[WORK REQUIRED]
Exact transcription, pictures omitted: reproduce the listing below.

[INFORMATION SHOWN]
• • • • •

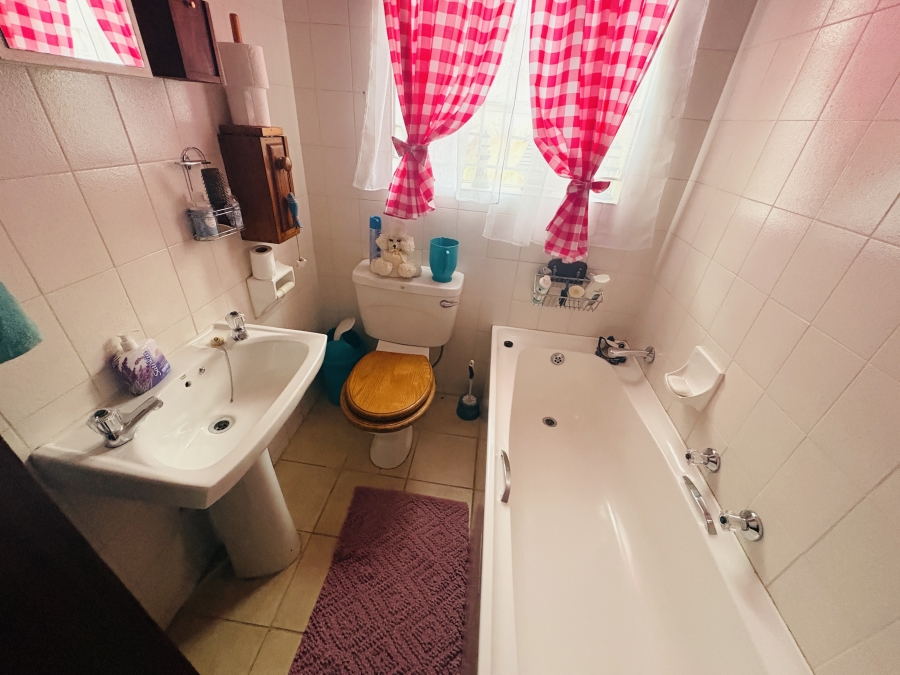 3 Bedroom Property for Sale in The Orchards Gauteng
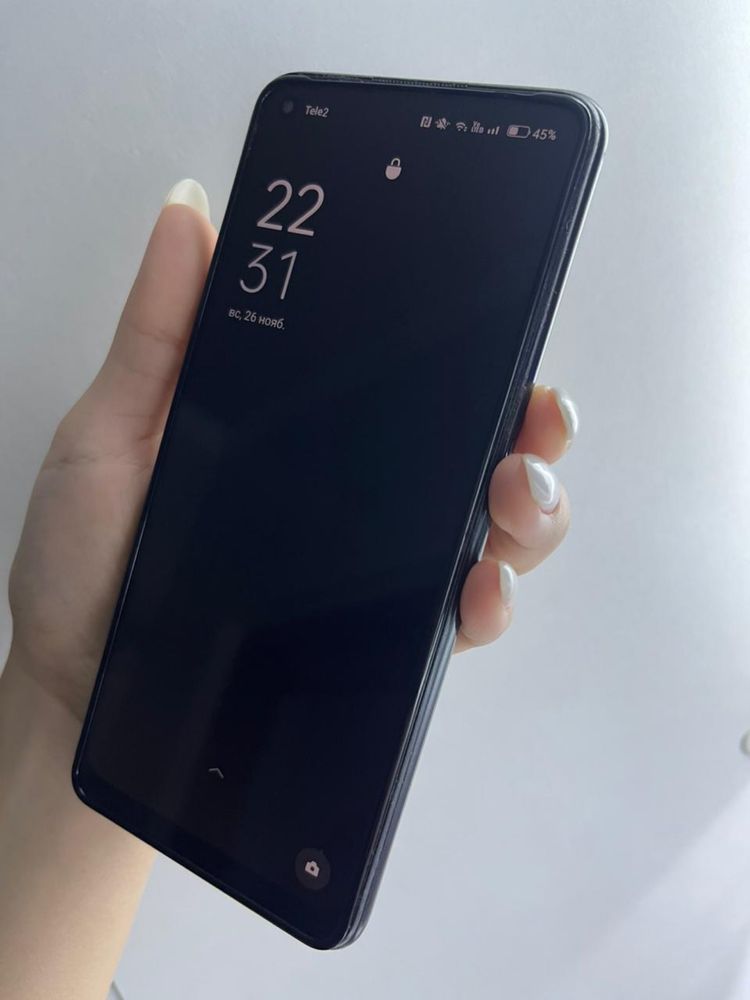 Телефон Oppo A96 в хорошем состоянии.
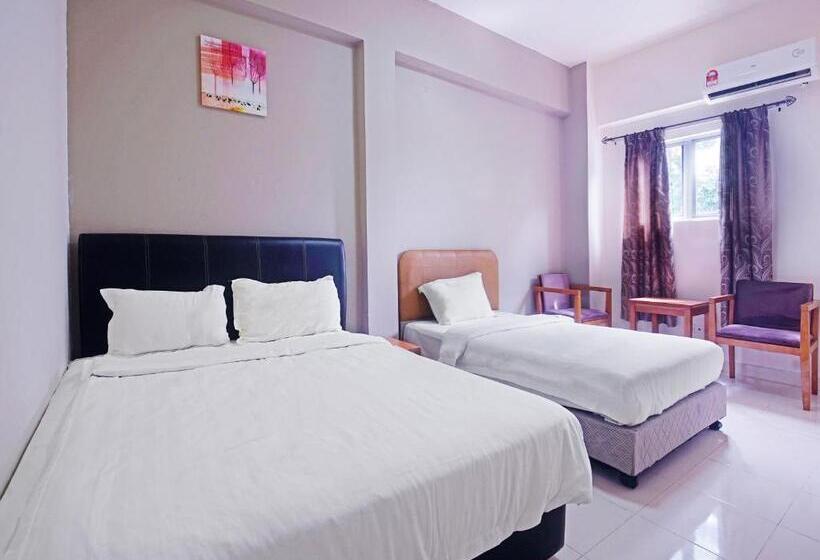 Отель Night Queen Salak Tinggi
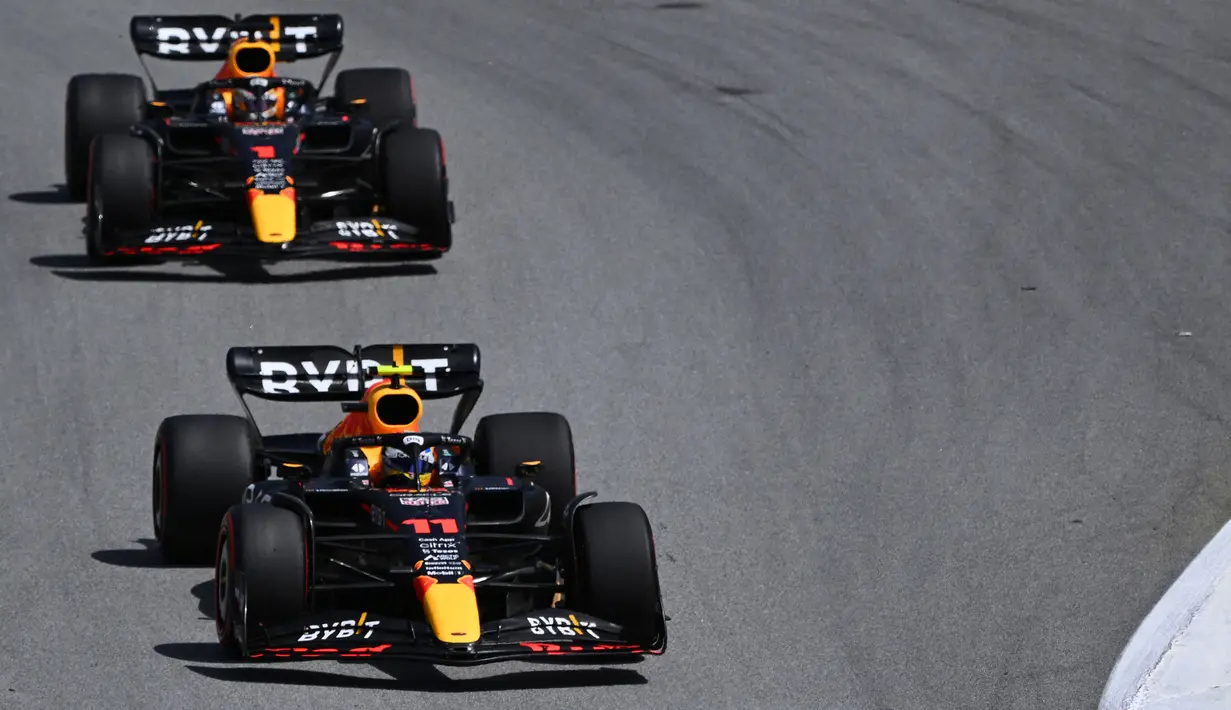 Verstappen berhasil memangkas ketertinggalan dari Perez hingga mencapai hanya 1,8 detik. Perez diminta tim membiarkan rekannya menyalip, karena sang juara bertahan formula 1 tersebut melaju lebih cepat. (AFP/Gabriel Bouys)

• • • • •

[SOLUTION TO THIS EXERCISE]
 3 Bedroom Property for Sale in The Orchards Gauteng
 Телефон Oppo A96 в хорошем состоянии.
 Отель Night Queen Salak Tinggi
 Verstappen berhasil memangkas ketertinggalan dari Perez hingga mencapai hanya 1,8 detik. Perez diminta tim membiarkan rekannya menyalip, karena sang juara bertahan formula 1 tersebut melaju lebih cepat. (AFP/Gabriel Bouys)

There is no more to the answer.